Thus, related to the distinctions between the linear modality of spatialized time (and what Iqbal calls the “efficient self” that locates itself therein) and the indivisible wholeness of pure duration (and the “appreciative self” that momentarily touches its holistic depths) is a further distinction that Iqbal draws between two forms of knowing: thought and intuition. Like Bergson, Iqbal identifies thought or intellect as the process of analytical reasoning which knows things externally, or “grasps Reality piecemeal,” and intuition as that which enters into the pulsating flow of reality and thus “grasps It [Reality] in its wholeness.”[73] Iqbal frames this holistic insight in terms of what the Qur’ān designates as “fu’ad or Qalb, i.e. heart,”[74] in keeping with the Sufi tradition, which affirms that the heart is, above all, a locus of spiritual insight rather than a fleeting aggregate of feelings or sentiments. That the devotional heart alone (and not the disengaged intellect) can ascend to the heights of spiritual unveiling is often situated by Sufis against the revelatory backdrops of Muhammad’s own hearing and seeing God: the Qur’ān itself was revealed not to the mind of the Prophet but to his heart (qalb) (Q2:97) and during his ascension, the Prophet witnessed the highest truth with his heart (fu’ād) (Q53:11).[75]
Iqbal thus entreats God in the Jāvīdnāma to grant him the frenzy of impassioned love, and to be shown the road to inward ecstasy (jaẓb andarūnī).[76] The habitat of this ecstasy is the “heart (qalb) that never sleeps” (a reference to the Hadith in which Muhammad affirms that his eyes sleep but his heart does not).[77] Lovers yearn for the rapture of the direct vision (naẓar) of God; thus, Rūmī in the Jāvīdnāma declares:
Love in the soul is like sight in the eye […]
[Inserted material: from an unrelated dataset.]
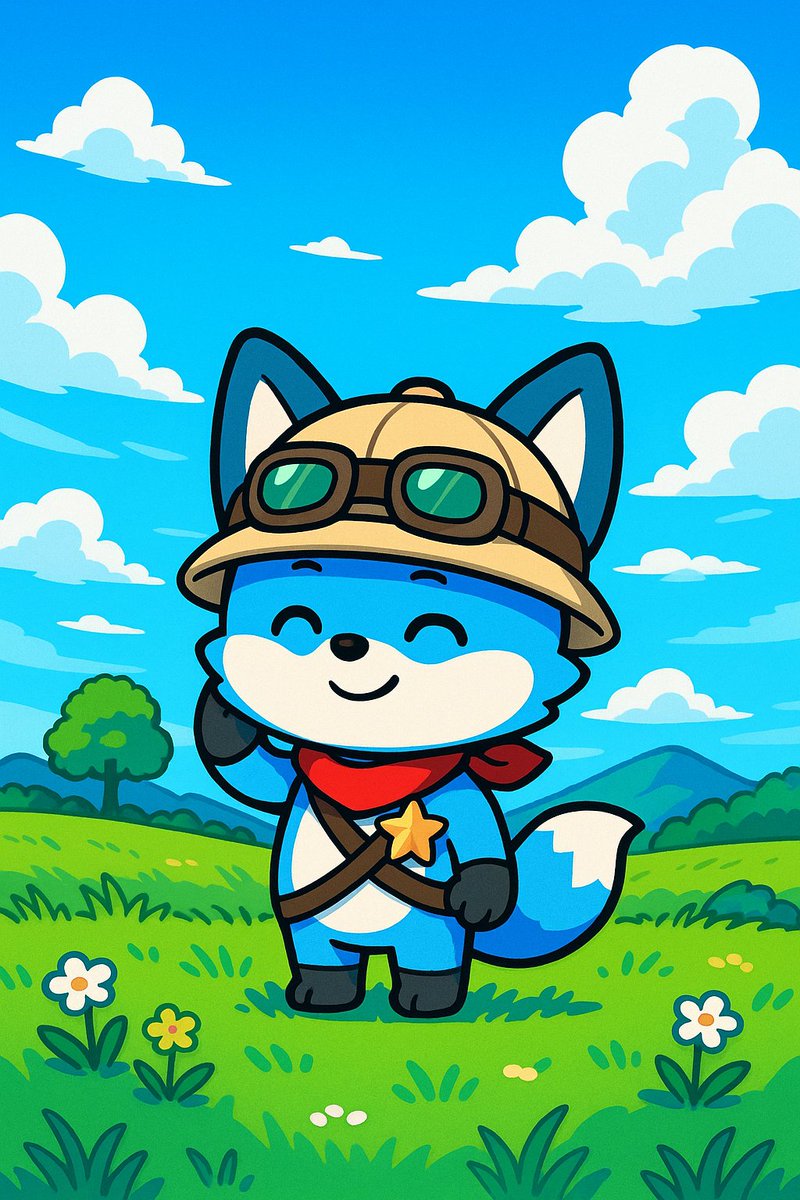 playio_official's tweet photo. 청명한 늦봄의 날씨를 직장인은 모른다. https://t.co/LI4K0Ud8Zb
lovers yield themselves up to God, [they] give interpretative reason as an offering.
Are you a lover?
Proceed from direction to directionlessness [in the sense of ‘dimensionless-ness’].[78]
Love grasps reality with the vividness of intuitive knowing and re-orients the self from the linearity of discursive reasoning to the transdimensionality of visionary perception.
What of the character of the longed-for vision of God – do we here settle down in a final apprehending of the divine? Well, at the climax of the Jāvīdnāma, the “resting” in the vision of the Friend (dīdār-ī dust)[79] that Iqbal describes as the telos of the lover brings, paradoxically, no final stasis at all – we are told that to see God is “to wax [or to increase, even overflow] ever without waning” (afzūdan bī kāstan).[80] The lover’s sight waxes or swells eternally when its “object” is the divine countenance, as they are made expansively receptive to ever-new unveilings. Wandering into the inexhaustible depths of the infinite, the paradoxical summit of ‘ishq is thus a ceaseless movement, for the process of receiving what does not end is itself endless.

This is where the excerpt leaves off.